What the NATO Deal Means

We don’t know the contours of it yet, but it looks like NATO will provide a unified command structure for future Libya operations and an ad hoc council of allied foreign ministers will provide ‘political guidance.’

Turkey’s primary concern with the Libya intervention — and the reason it withheld support for a NATO command — is to ensure that it stop short of effecting the removal of the Qaddafi regime. Since the Turkish FM says all their demands have been met, it seems safe to say that the Obama administration was not just being cute when it said Qaddafi wasn’t a target. Or if they were leaving that on the table as an explicit strategic goal of intervention, they’d appear to be pretty thoroughly handcuffed now.

I can’t decide whether this is an argument against having let Turkey into NATO or an argument against dragging NATO into things like this. Take your pick.

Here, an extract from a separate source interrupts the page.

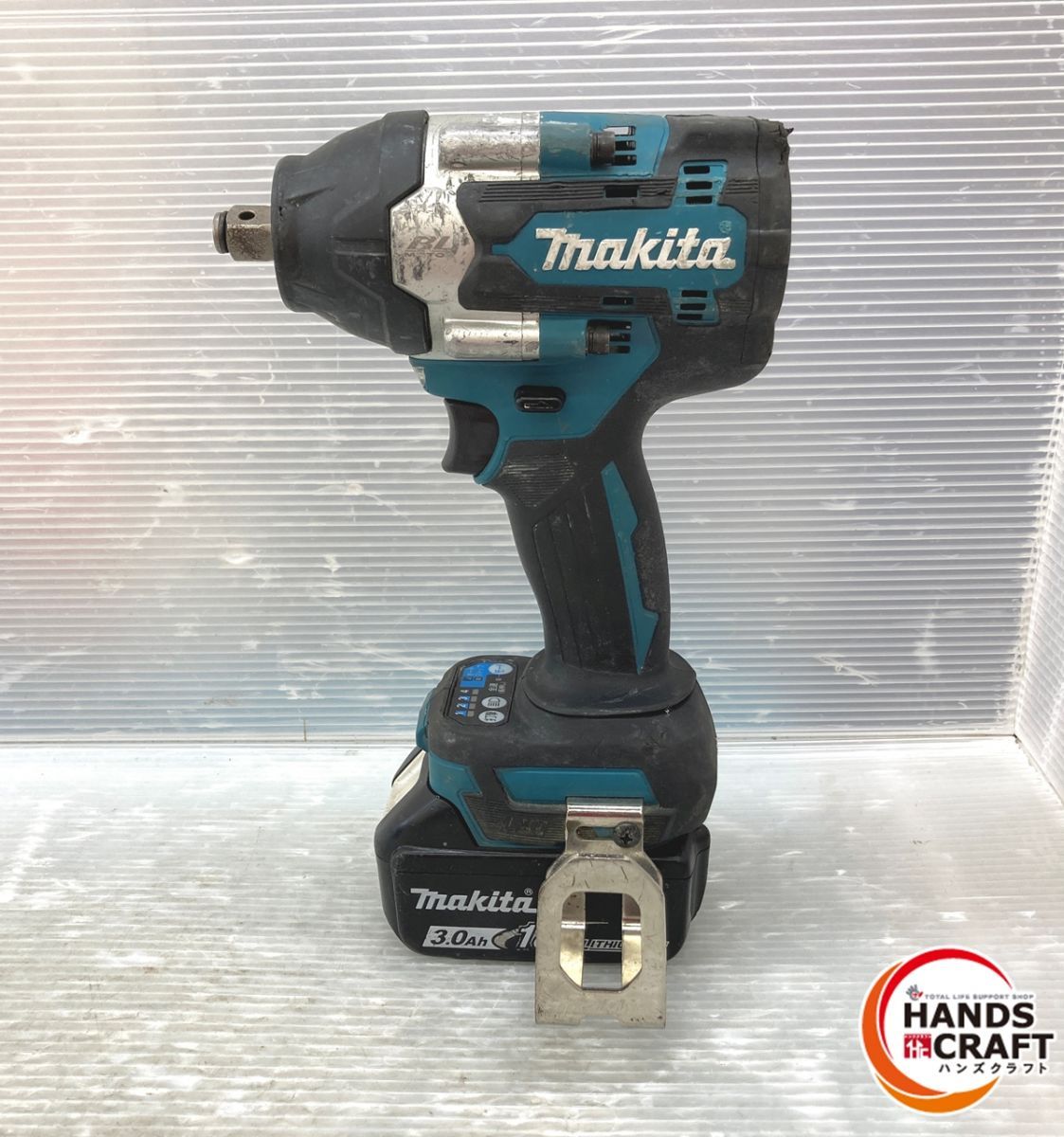 ◇【中古品】マキタ TW700D インパクトレンチ 本体+18Vバッテリ 【店頭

UPDATE: Or not. As soon as I hit publish I saw this from CNN:

BREAKING-NATO sources telling our Paula Newton and that #Libya agreement could be in jeapardy after last minute Turkish objections

The Turkish objection, according to the Turks themselves, is that France “wants [to] retain autonomous command” outside of NATO in order to continue strikes, and that this undermines NATO command and control. Which yeah, of course it would. It would make NATO command and control redundant.

UPDATE II: Ok, multiple outlets now reporting that NATO has agreed to take over command of Libya ops.

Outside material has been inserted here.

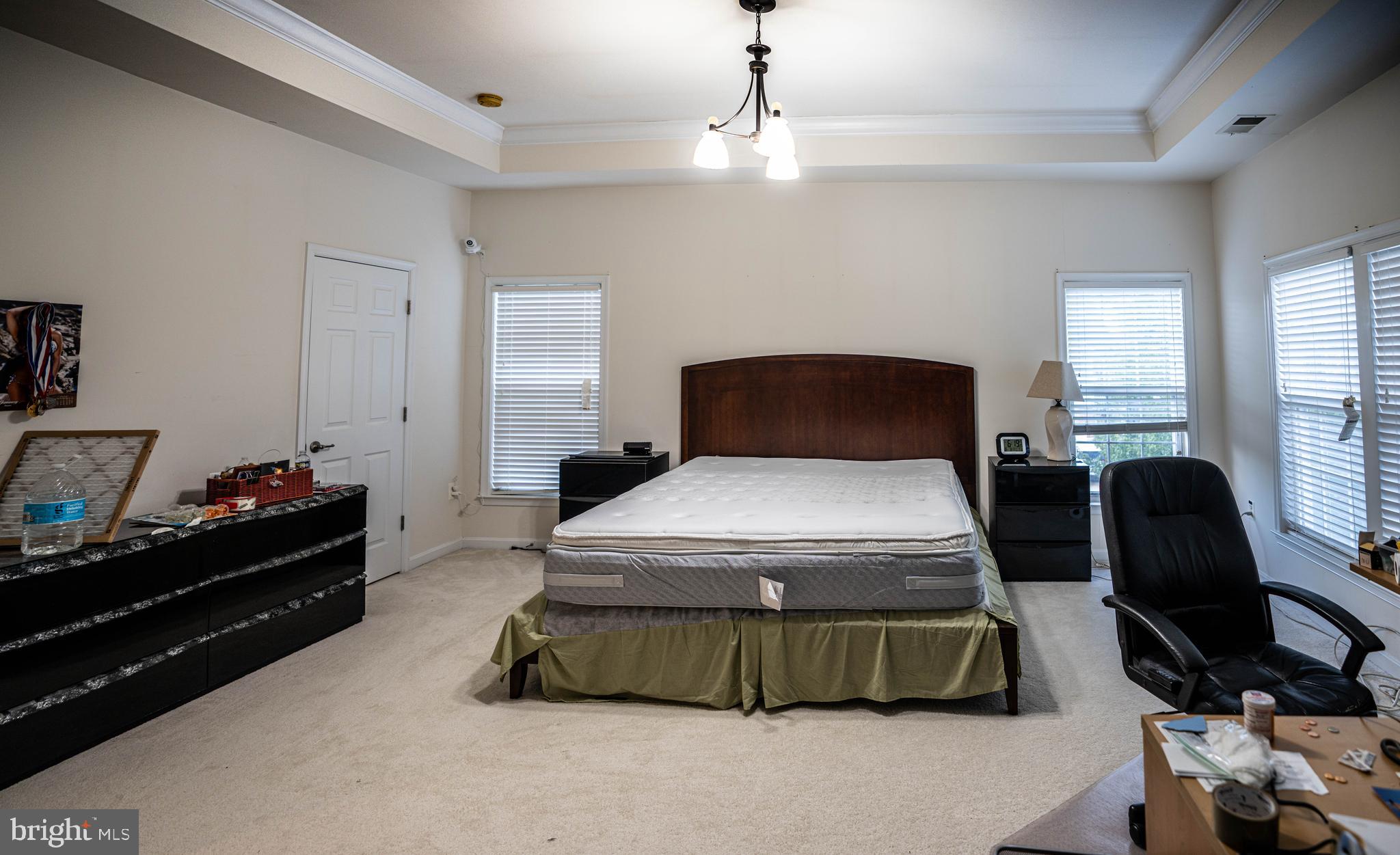 9571 Linnett Hill Drive Lorton, VA 22079 - Photo 18 of 27 a bedroom with a bed and a window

The big ‘but’ from NATO SecGen Rasmussen is that the alliance will only take over no-fly zone enforcement — a mission that has been thoroughly accomplished. Rasmussen says that the coalition will for the time being still be conducting operations to protect civilians from Qaddafi’s ground forces.

“We are right now considering whether we should take on the broader responsibility within the U.N. Security Council resolution,” he just told Wolf Blitzer.

Rasmussen says a decision on whether NATO will take up operations against units on the ground could be made “in coming days.”

Turkey seems to be the problem.

UPDATE III: More info, NATO is floating a proposal they’re calling “no-fly plus” that would give NATO the mandate to attack ground targets with the aim of protecting civilians. But, all 28 NATO members would have to agree on rules of engagement and any country could pull out if they disagree with targeting etc.

Oh, there will also be two separate commands operating in the air above Libya. This looks like a mess.